Gu was undergoing plastic surgery on her face to alter her looks and evade the police when she was arrested, the paper said.
Analysts believe the underground market, which most estimate is worth around 3 trillion yuan to 4 trillion yuan, is one of the major sources of funding for shadow banks.
But any assessment of what underground lenders get up to are intelligent guesses at best. Information is hard to come by and how much money is involved is not really known. Likewise, where the cash goes after it is raised is also not clear.
When China tightened credit controls in 2011, the sector was thrust under the spotlight after dozens of company bosses from Wenzhou city, known for its private enterprise, fled town to avoid repaying their underground loans.

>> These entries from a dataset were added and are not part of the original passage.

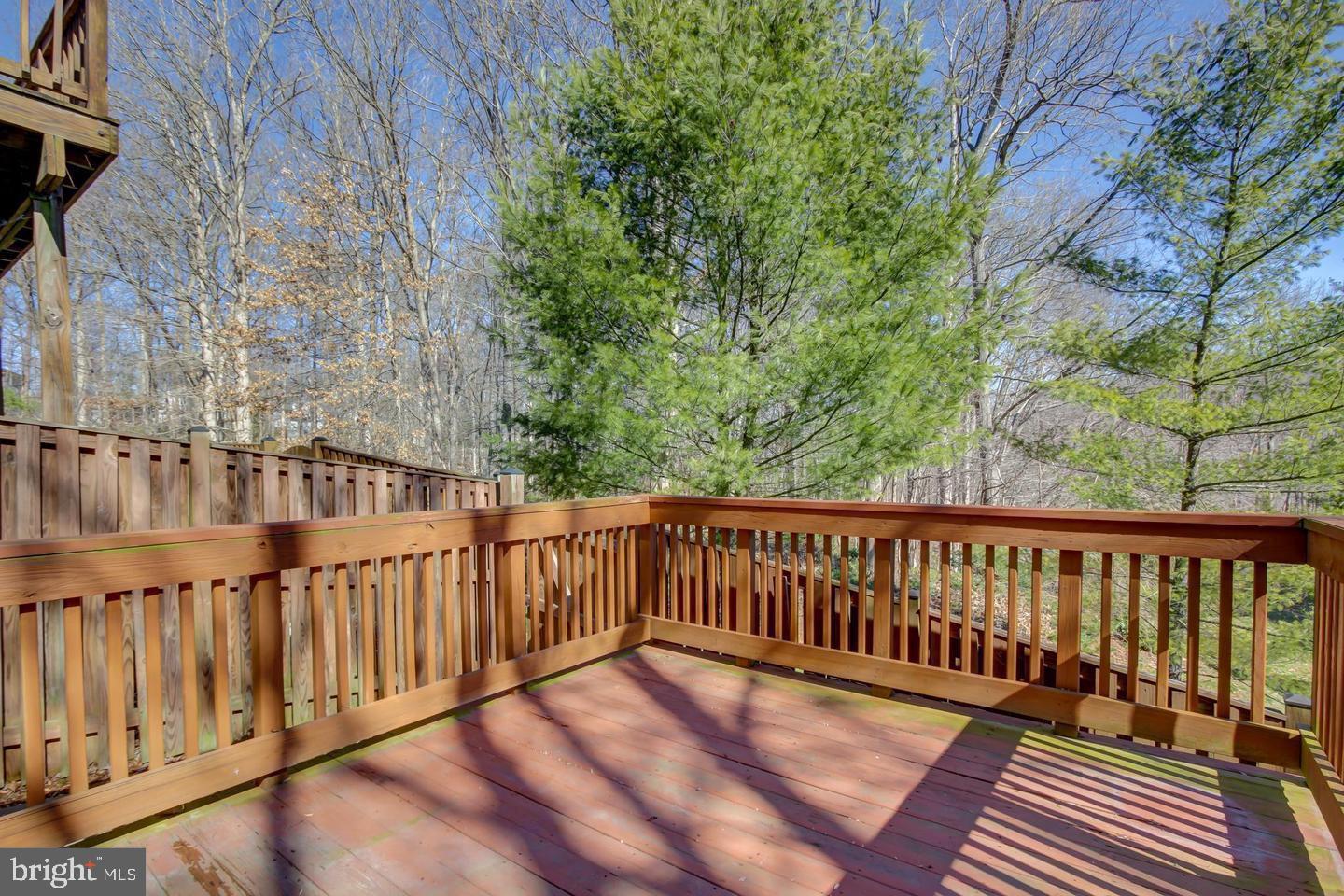 8200 Maple Ridge Avenue Springfield, VA 22153 - Photo 31 of 35 Gallery Image 31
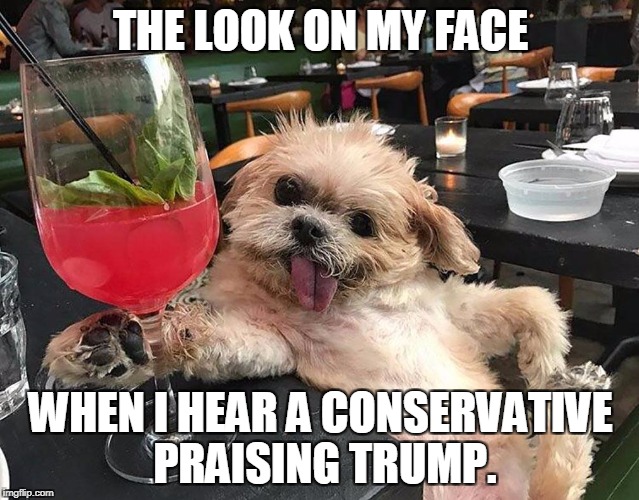 Praise Trump | THE LOOK ON MY FACE; WHEN I HEAR A CONSERVATIVE PRAISING TRUMP. | image tagged in trump,donald trump is an idiot | made w/ Imgflip meme maker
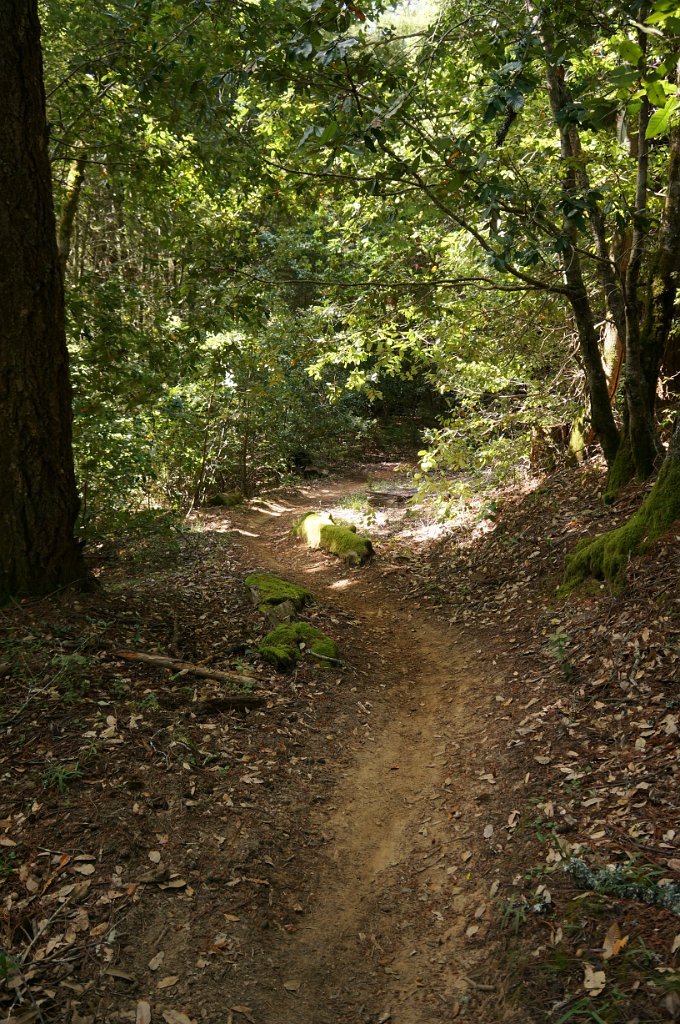 DSC02001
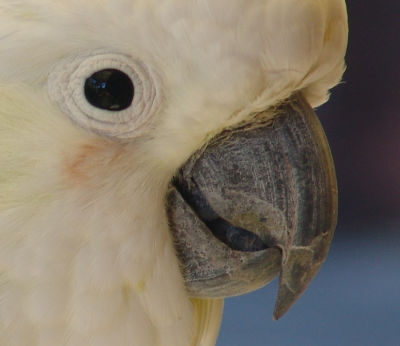 Cockatoos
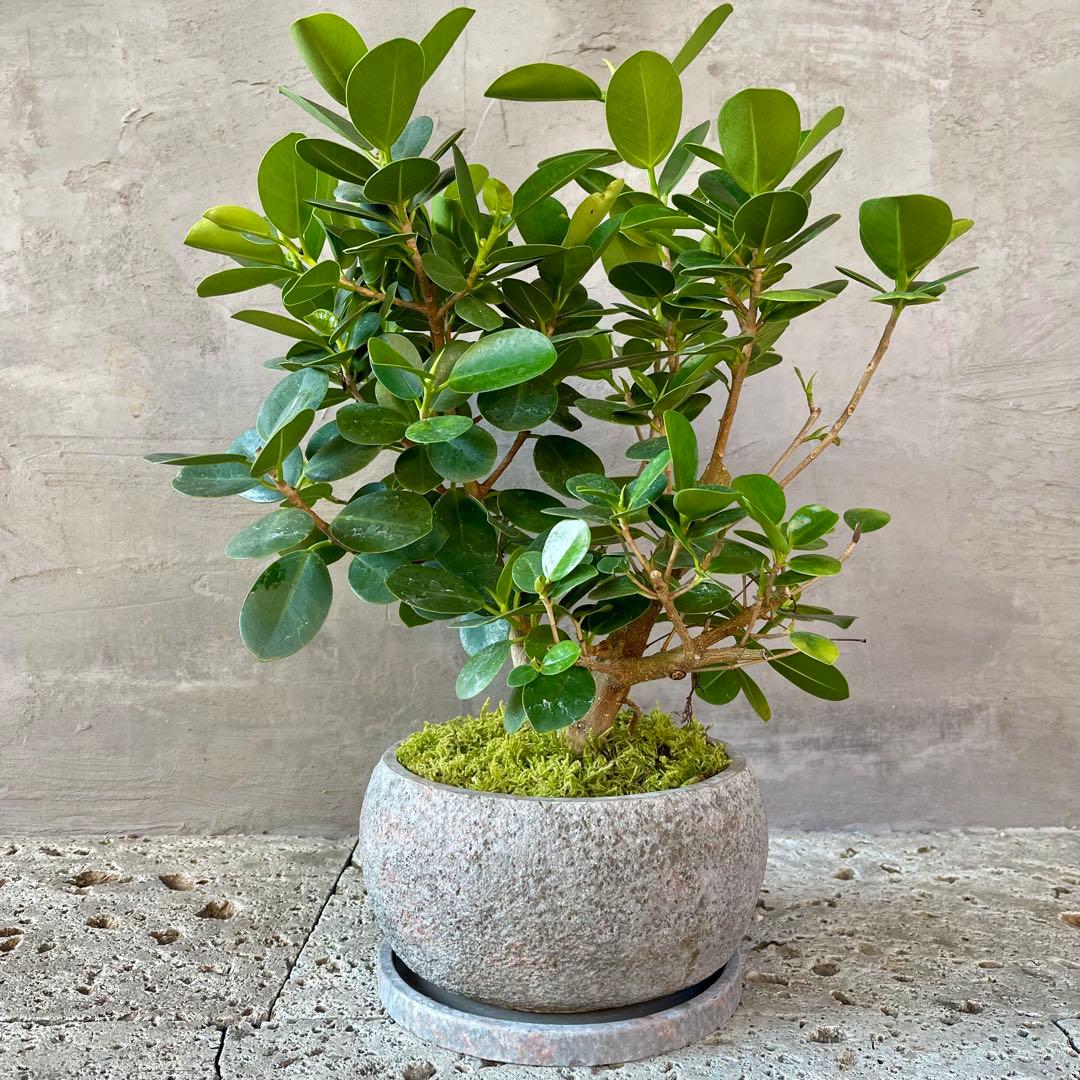 パンダガジュマル　天然苔　盆栽仕立て　陶器鉢　植え込み発送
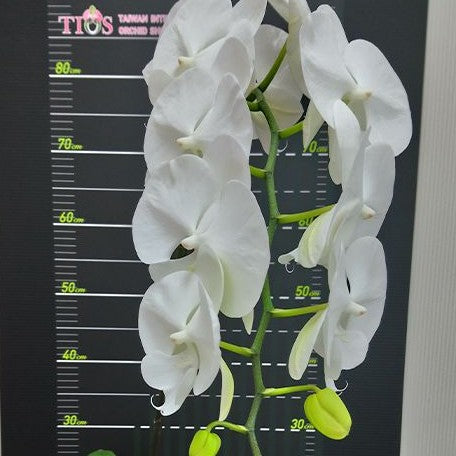 Phalaenopsis Miki White Swan '00' 2.5"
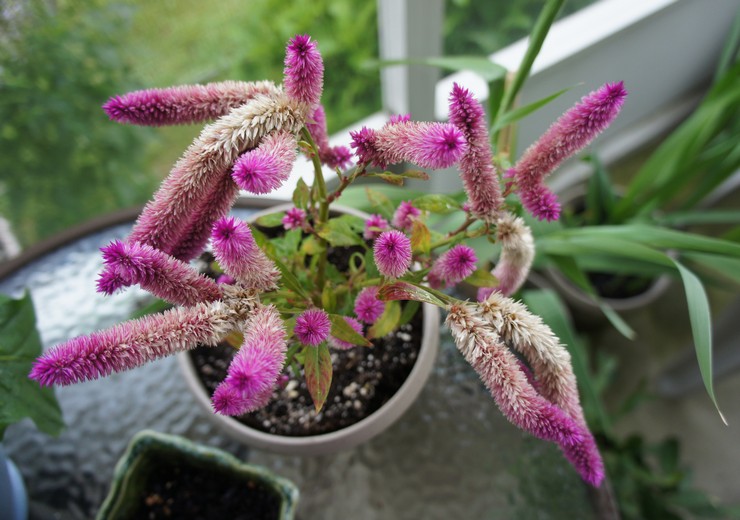 Celosia efter blomstring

Wu Ying, probably China’s best known underground lender who was jailed for life in 2012 for cheating investors of 380 million yuan by offering returns as high as 180 percent, was said to have invested in over 700 shops and 20 cars, including four BMWs and a Ferrari.
“Informal lenders are the least transparent of the actors in China’s shadow banking system,” the IMF said in a report in , adding that they challenge financial stability.
The spotlight has been on loan sharks previously. More than 10,000 people reportedly blocked a train station in central Hunan province in 2008 after a local loan shark scheme lost some 620 million yuan of their cash.
China’s overall debt has ballooned in recent years. The ratio of total debt-to-GDP, including government, corporate and household debt, was set to reach 218 percent of GDP by the end of 2013, up 87 percentage points since 2008, rating agency Fitch estimated last year.
China’s efforts to bring the growth under greater control ironically quickened the rise of shadow banks, which thrive on the thirst for cash and a desire among savers for sterling returns.
With China’s one-year deposit rates at 3 percent and scarcely above annual inflation, many savers succumb to the promise of fat investment returns.
Estimated by Standard & Poor’s to account for $3.7 trillion of lending, or a third of all bank loans, the growing might of shadow banks has raised fears that they might imperil China’s financial stability with their looser lending standards, especially at a time when years of breakneck economic growth is coming to an end.
“They help people to increase their leverage to unsustainable levels at a time when their businesses are going down,” said Christine Kuo, a senior credit officer at Moody’s.
Qinghai Sunshiny Mining Co Ltd knows how fatal steep rates can be. It turned to loan sharks after it was blacklisted by banks in 2005 and owed 119 creditors 13.2 billion yuan as of September, local media said.
Rates on some of the loans were 120 percent, or 314 percent if interest was compounded, and Qinghai Sunshiny has since gone bust.